This generates a finalized Event containing the new domain event and stores it within the aggregate. These events are temporarily tracked as uncommitted changes and can later be retrieved by commands using GetUncommittedEvents. This ensures that any changes made to the aggregate are only persisted (and should only be persisted) through a command.

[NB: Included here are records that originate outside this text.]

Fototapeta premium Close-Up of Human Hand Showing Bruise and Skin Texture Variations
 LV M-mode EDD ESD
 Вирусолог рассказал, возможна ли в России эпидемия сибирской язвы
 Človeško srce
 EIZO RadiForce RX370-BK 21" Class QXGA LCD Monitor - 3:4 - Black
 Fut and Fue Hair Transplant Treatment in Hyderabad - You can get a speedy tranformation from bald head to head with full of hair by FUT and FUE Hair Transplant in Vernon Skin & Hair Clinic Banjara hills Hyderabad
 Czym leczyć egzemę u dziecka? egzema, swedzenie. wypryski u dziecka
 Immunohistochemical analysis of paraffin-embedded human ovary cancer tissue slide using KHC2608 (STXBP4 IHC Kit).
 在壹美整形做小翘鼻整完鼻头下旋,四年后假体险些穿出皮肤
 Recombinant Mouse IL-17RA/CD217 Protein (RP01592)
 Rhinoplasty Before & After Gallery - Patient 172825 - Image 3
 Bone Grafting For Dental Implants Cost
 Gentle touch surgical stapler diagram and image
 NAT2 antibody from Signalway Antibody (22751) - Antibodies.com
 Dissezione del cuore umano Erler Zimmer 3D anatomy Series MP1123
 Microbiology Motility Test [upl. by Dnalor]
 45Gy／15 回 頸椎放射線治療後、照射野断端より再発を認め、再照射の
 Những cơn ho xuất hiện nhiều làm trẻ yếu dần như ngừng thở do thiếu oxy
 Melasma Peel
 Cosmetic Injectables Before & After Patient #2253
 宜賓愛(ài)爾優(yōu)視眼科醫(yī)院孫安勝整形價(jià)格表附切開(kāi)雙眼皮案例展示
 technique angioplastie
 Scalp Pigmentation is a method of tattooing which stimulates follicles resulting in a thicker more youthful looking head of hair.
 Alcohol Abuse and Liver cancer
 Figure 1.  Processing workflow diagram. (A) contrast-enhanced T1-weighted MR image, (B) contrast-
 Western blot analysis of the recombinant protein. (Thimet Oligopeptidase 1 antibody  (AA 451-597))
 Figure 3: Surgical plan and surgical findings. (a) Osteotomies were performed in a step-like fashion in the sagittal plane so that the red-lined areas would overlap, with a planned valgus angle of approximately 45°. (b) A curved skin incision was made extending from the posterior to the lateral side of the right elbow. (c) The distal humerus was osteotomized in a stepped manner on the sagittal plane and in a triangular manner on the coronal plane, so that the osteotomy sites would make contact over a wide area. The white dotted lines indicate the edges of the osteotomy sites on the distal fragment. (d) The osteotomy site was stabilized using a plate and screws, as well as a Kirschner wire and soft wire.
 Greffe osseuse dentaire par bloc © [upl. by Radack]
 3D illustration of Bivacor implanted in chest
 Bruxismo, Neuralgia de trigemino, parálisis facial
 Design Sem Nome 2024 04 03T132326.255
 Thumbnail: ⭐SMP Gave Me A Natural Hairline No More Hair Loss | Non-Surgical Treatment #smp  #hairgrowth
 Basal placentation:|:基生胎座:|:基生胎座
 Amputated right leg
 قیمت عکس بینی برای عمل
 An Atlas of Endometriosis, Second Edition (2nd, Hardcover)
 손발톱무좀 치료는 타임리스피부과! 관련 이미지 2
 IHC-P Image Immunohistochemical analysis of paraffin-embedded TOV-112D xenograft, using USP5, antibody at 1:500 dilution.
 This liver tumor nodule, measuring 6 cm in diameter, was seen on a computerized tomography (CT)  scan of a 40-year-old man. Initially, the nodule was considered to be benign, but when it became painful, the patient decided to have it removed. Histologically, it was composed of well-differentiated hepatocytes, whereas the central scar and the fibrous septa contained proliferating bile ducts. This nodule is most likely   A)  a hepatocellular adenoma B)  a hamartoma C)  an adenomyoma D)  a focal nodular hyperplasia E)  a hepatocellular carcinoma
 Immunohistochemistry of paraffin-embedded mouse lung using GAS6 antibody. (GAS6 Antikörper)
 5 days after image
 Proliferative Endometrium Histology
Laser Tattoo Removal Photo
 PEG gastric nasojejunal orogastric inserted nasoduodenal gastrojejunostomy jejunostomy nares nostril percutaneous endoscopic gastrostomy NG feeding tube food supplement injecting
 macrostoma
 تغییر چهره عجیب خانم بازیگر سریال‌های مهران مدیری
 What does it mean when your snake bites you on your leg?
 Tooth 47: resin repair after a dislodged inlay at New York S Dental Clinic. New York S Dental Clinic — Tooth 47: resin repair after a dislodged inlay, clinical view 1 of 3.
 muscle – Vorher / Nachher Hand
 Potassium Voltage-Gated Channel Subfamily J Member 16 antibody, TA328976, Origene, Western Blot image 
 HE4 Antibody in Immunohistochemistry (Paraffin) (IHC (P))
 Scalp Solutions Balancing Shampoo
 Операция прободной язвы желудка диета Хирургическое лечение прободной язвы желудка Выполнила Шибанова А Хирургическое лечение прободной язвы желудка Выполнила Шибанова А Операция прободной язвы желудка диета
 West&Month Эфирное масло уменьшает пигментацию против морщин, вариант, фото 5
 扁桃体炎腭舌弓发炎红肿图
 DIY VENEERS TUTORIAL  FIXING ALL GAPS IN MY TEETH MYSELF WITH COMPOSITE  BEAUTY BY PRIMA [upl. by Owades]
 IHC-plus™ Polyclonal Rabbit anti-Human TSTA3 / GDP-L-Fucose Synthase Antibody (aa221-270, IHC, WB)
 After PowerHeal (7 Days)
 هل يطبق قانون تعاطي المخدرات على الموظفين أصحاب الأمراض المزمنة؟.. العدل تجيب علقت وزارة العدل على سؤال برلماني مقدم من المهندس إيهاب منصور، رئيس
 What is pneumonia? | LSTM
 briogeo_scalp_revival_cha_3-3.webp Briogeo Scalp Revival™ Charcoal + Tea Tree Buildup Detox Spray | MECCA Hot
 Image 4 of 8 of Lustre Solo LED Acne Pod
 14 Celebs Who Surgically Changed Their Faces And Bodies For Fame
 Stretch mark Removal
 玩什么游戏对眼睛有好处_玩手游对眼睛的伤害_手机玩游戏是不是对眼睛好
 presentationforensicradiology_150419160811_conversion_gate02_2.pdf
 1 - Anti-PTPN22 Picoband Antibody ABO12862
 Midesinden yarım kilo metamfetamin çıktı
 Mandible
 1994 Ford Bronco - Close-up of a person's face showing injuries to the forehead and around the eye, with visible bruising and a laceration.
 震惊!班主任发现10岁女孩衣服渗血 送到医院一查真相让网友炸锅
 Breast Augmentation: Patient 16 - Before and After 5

Side note: If we use comby.ApplyDomainEvent(agg, domainEvt, false), the domain event would simply be applied to the aggregate without being added to the uncommitted changes. This is particularly useful for scenarios like read models or projections. This brings us to the next method:

The second method, OrderPlacedEvent, is our domain event handler responsible for processing the domain event. The method name can be freely chosen; however, it should clearly convey that the method is solely applying an already existing domain event and not generating new ones. This method is invoked whenever the domain event OrderPlacedEvent is loaded and needs to be applied to the aggregate.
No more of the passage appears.